Cliff Williams po trasie „Rock or Bust” planuje się wycofać. Nie chce więcej koncertować ani nagrywać z AC/DC. Czuje, że tak będzie najlepiej. O tych uczuciach opowiedział podczas rozmowy z „Gulfshore Life”.
Wpierw z zespołu ze względu na stan zdrowia odszedł gitarzysta Malcolm Young. Później problemy z prawem miał perkusista Phil Rudd. W tym roku ze sceny musiał zejść Brian Johnson, z którego słuchem nie jest najlepiej.
To jest coś, co znałem przez ostatnie 40 lat, po tej trasie wycofuje się z grania na żywo i nagrywania.
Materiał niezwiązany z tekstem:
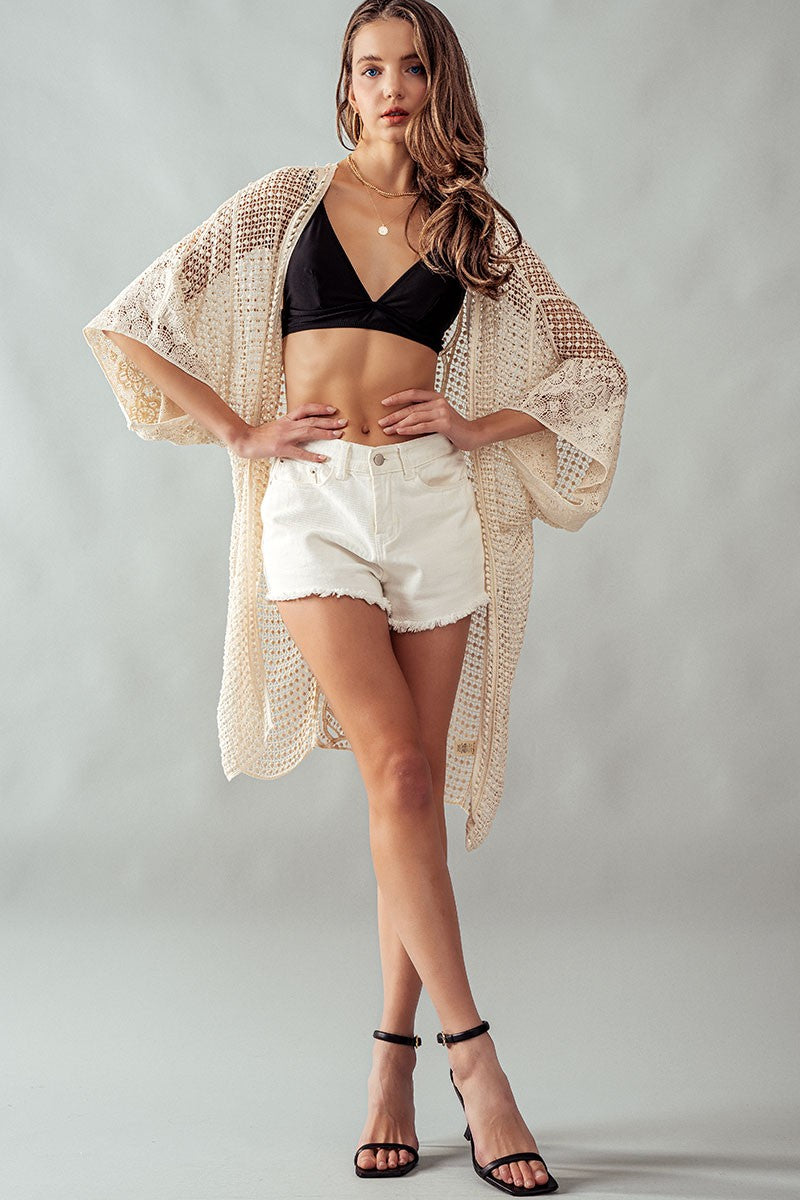 Crochet Cover-Up Cardigan - Nutmeg or Cream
Po stracie Malcolma, sprawach z Philem, a teraz z Brianem, to już zupełnie inne zwierzę. Czuję w środku, że to właściwy ruch.
Ciekawe, co na to Angus Young. I Axl Rose, który chciałby może coś nagrać z AC/DC…
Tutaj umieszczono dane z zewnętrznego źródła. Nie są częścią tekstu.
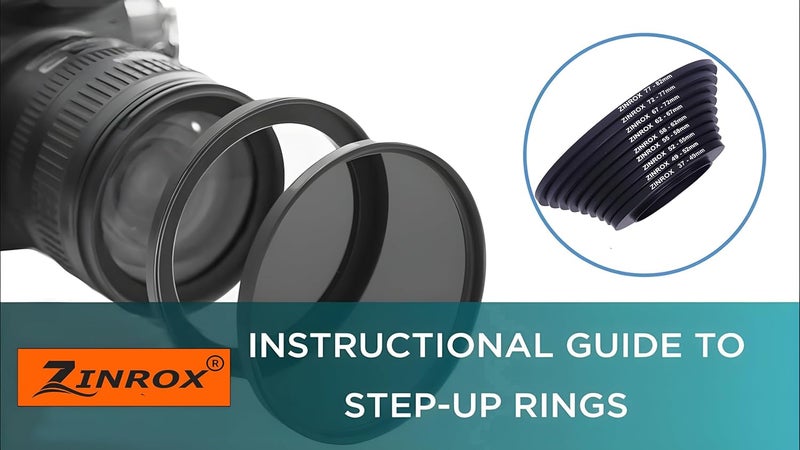 ZINROX® 37mm to 82mm Made in India Stepping Up Ring Filter Adapter, 9 Pieces Set, Sizes: 37-49mm, 49-52mm, 52-55mm, 55-58mm, 58-62mm, 62-67mm, 67-72mm, 72-77mm, and 77-82mm - Image 2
Basista na oficjalnym kanale grupy na YouTube chwali nowych kolegów z zespołu (ten wywiad obejrzeć możecie poniżej). Steve jest dobrym gitarzystą – w końcu to Young, ma to w genach. Dobrze ocenia również Chrisa Slade’a. Axla Rose, jego zdaniem, radzi sobie świetnie – to błogosławieństwo, że się pojawił. No, ale to już nie to.
Ostatnia trasa z jego udziałem rozpocznie się 27 sierpnia w Greensboro w Karolinie Północnej.